Nils Pilotte and Steven Williams of Smith College in the U.S. along with Lisa Reimer at the Liverpool School of Tropical Medicine in the United Kingdom are developing a simple and inexpensive approach to monitor diseases caused by parasites that thrive in mosquitos based on detection in mosquito feces. Current approaches for disease surveillance are expensive, insensitive, or labor intensive, and are generally unsuitable for the areas in which they are needed most, including where disease incidence has decreased. This proposed so-called molecular xenomonitoring approach overcomes these hurdles, in part by avoiding the need for human sampling, and because it can be adapted to increase throughput. In Phase I, they demonstrated proof-of-principle that very low levels of parasitic DNA could indeed be extracted from mosquito fecal samples and then detected by PCR, and also adapted a simple test-strip detection method that could be used in low-resource field settings. They also developed a mosquito trap from a two-liter soda bottle containing a simple carbon dioxide-producing solution and sugar, and demonstrated its ability to attract mosquitos and isolate their feces in a field setting in Trinidad, albeit with modest yields. In Phase II, they will further optimize their detection method and the traps, and perform preliminary field tests in malarial and filarial endemic locations in the Philippines, Ghana, and Haiti.

Milosz Faber of Thomas Jefferson University in the U.S. will develop a combined contraceptive rabies vaccine that both protects dogs against rabies and reduces their population levels in order to control the incidence of human rabies. Human rabies causes 70,000 deaths annually and is mostly spread by dogs. Current therapeutic approaches to control dog rabies require multiple doses and have had limited success. Faber has designed a safe dog rabies variant that can induce a strong and long-lasting immune response when introduced in mice. He will combine this vaccine with gonadotropin-releasing hormone (GnRH), which causes infertility. Three different carrier proteins will be conjugated to GnRH and tested in combination with the vaccine for safety and for inducing immune responses upon a single dose in mice.

Fidelis Cho-Ngwa of the University of Buea in Cameroon will develop a small animal model to test the safety of candidate drugs for treating the parasitic disease onchocerciasis in people who are coinfected with the Loa loa parasite. Ivermectin, which is used in mass drug administration efforts to treat onchocerciasis, causes severe adverse effects, including death, in people who carry high levels of Loa loa. They will purify early-stage Loa loa from infected human blood and test the ability of a variety of small animal models, including mice, to sustain the parasites over 30 days, which would be enough time to perform an in vivo drug screen. Once a suitable small animal model has been identified and validated, it will be possible to screen large numbers of compounds to identify effective and safer treatments.

Mumbi Kimathi and a team from Farm Concern International in Kenya will promote farming-related trade between and around villages in rural Africa with their "e-Women Dial-up Initiative." They will develop a mobile phone platform for communications, and for ordering and paying for farming-related materials, products, and services. They will test their approach in 10 villages in Kenya, consisting of 5,000 farmers, and establish a rural distribution network by recruiting vehicle owners to reduce the need for individuals to be mobile. They will also set up a supply network of accredited materials, services, and business development service providers. Their approach will be evaluated in terms of volumes traded, income, cost- and time-savings, and the level of individual participation.

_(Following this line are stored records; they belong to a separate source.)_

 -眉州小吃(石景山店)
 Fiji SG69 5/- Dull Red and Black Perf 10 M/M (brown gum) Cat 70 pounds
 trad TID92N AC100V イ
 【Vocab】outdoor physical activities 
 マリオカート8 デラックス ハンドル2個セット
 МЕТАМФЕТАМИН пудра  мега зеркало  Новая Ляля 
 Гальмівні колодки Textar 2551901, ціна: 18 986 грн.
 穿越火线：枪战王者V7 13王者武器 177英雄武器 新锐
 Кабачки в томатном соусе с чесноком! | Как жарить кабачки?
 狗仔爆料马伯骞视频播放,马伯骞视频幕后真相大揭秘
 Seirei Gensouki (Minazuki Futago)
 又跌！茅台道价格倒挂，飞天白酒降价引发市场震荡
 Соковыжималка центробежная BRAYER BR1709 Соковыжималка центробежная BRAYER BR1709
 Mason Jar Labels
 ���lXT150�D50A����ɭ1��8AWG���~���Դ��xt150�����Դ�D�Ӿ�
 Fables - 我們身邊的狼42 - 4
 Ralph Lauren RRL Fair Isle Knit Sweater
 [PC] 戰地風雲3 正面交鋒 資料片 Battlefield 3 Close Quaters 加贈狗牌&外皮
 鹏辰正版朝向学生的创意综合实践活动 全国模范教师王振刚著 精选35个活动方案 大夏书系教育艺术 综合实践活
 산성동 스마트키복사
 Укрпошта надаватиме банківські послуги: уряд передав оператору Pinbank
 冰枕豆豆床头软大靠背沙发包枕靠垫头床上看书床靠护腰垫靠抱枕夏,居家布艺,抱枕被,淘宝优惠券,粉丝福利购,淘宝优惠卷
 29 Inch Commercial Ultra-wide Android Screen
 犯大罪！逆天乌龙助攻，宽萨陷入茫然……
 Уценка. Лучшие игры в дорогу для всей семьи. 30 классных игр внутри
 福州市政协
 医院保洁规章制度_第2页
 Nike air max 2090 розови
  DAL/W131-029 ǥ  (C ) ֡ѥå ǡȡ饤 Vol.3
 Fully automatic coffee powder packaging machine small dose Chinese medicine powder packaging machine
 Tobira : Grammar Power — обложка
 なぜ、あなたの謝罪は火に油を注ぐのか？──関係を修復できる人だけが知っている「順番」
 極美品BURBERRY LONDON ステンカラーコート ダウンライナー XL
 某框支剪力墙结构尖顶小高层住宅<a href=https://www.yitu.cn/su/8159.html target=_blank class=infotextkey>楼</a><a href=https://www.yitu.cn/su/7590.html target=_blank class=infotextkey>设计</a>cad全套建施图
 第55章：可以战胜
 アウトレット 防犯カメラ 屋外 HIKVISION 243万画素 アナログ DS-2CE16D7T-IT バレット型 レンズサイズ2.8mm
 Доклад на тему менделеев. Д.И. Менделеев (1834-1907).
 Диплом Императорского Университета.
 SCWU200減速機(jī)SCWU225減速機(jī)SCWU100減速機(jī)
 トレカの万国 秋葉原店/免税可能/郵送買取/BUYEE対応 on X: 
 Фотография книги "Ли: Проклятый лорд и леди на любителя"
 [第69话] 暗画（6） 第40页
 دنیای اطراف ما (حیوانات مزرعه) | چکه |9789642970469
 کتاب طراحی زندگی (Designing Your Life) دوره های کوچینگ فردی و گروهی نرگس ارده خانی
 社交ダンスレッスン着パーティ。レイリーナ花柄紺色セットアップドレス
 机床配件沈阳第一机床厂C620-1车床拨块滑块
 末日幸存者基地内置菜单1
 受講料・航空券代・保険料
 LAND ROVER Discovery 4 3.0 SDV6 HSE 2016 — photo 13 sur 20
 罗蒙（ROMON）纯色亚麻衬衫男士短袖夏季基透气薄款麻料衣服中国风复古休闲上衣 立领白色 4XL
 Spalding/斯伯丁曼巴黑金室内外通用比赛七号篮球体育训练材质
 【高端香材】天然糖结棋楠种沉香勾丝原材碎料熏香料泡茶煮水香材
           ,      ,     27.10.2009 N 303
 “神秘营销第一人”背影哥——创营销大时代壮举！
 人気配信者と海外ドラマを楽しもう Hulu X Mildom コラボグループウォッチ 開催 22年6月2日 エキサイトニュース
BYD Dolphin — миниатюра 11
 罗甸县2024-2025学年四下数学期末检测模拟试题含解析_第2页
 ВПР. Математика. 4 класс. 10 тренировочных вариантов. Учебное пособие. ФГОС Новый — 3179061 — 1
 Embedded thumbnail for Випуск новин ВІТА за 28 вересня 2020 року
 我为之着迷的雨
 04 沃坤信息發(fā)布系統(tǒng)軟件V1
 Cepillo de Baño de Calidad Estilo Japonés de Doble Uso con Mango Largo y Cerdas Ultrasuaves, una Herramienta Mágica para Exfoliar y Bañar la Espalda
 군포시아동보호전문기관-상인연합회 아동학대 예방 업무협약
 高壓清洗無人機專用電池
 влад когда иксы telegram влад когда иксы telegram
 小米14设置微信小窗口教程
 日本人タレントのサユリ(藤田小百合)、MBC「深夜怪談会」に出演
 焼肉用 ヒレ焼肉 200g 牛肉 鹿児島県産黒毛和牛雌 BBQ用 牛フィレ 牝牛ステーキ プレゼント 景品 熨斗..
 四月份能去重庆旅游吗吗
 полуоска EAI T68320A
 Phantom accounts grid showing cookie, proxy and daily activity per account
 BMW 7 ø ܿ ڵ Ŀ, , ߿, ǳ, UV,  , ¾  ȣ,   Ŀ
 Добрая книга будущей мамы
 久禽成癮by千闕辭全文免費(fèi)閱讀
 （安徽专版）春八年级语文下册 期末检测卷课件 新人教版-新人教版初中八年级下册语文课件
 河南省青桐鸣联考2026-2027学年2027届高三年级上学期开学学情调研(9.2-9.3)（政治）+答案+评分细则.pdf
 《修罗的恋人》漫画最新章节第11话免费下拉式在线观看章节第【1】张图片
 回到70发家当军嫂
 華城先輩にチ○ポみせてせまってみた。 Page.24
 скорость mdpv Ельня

Geraldine Taylor and colleagues at The Pirbright Institute in the United Kingdom will develop a thermo-tolerant vaccine based on human adenovirus 5 (Ad5) against peste des petits ruminants (PPR), a highly contagious disease found in goats and sheep, that enables the distinction between infected and vaccinated animals (known as DIVA vaccines). Current live attenuated vaccines require cold storage, which is unavailable in many developing countries, and vaccinated animals cannot be differentiated from infected animals, complicating disease control efforts. Ad5–vectored vaccines are safe and effective in humans, inducing both antibody and cytotoxic T cell responses from the immune system. They will extend their preliminary work showing that Ad5-conjugated with surface glycoproteins from the PPR virus provides complete protection in goats by vaccinating local breeds of goats in Africa. They will also determine the minimum vaccine dose and the effect of adding a specific cytokine to enhance immunity.

Edward Mitre and colleagues at the Henry M. Jackson Foundation for the Advancement of Military Medicine in the U.S. will develop a short course therapy for clearing adult filarial worms, which cause substantial morbidity and mortality, to enhance eradication efforts. Current antifilarial medications target only larval forms of the worms, requiring repeated administration until the natural death of the adults. Filarial infections are known to induce immune cells to release histamine, which can regulate the immune response. Using mouse models of filarial infections, they will evaluate whether a short course of standard antifilarial treatment combined with an antihistamine can clear adult worms and thereby more quickly cure the disease.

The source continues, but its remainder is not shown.